Materials provided |
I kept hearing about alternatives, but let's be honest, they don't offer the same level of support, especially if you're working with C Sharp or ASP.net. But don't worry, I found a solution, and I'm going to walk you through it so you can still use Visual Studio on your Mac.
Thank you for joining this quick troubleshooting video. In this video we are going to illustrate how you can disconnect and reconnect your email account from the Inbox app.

---

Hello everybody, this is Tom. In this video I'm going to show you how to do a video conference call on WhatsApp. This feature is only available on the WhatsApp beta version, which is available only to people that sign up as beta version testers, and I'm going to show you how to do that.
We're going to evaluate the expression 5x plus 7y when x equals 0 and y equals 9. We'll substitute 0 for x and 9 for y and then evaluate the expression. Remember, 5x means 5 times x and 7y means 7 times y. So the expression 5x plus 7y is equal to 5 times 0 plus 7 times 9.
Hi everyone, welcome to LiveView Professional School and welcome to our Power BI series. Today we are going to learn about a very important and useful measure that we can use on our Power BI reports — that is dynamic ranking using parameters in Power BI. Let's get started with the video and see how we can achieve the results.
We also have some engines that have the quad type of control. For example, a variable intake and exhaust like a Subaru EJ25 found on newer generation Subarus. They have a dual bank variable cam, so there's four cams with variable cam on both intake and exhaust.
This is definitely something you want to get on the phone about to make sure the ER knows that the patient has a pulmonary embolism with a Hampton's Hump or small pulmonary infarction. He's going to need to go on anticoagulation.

==

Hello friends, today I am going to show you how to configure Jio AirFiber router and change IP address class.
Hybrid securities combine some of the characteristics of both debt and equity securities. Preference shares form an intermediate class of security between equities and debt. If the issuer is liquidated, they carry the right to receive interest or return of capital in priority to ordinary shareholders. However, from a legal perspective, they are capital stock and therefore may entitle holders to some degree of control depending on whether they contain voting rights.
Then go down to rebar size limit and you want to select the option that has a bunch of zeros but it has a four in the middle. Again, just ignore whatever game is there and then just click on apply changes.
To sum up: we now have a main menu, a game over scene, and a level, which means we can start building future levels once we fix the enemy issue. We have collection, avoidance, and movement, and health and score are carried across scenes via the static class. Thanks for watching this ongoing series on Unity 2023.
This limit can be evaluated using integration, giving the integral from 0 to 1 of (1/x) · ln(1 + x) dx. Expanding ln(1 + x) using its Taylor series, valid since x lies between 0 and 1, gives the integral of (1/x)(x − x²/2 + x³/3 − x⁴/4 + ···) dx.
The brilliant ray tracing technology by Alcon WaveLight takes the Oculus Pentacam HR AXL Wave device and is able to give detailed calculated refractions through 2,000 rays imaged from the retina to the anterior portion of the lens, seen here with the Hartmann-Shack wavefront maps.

Directions for this task |
Taking the records above, retype every line from the one with "Hi everyone, welcome" down to the one with "This is definitely", exactly and with nothing else.

Response for this exercise |
Hi everyone, welcome to LiveView Professional School and welcome to our Power BI series. Today we are going to learn about a very important and useful measure that we can use on our Power BI reports — that is dynamic ranking using parameters in Power BI. Let's get started with the video and see how we can achieve the results.
We also have some engines that have the quad type of control. For example, a variable intake and exhaust like a Subaru EJ25 found on newer generation Subarus. They have a dual bank variable cam, so there's four cams with variable cam on both intake and exhaust.
This is definitely something you want to get on the phone about to make sure the ER knows that the patient has a pulmonary embolism with a Hampton's Hump or small pulmonary infarction. He's going to need to go on anticoagulation.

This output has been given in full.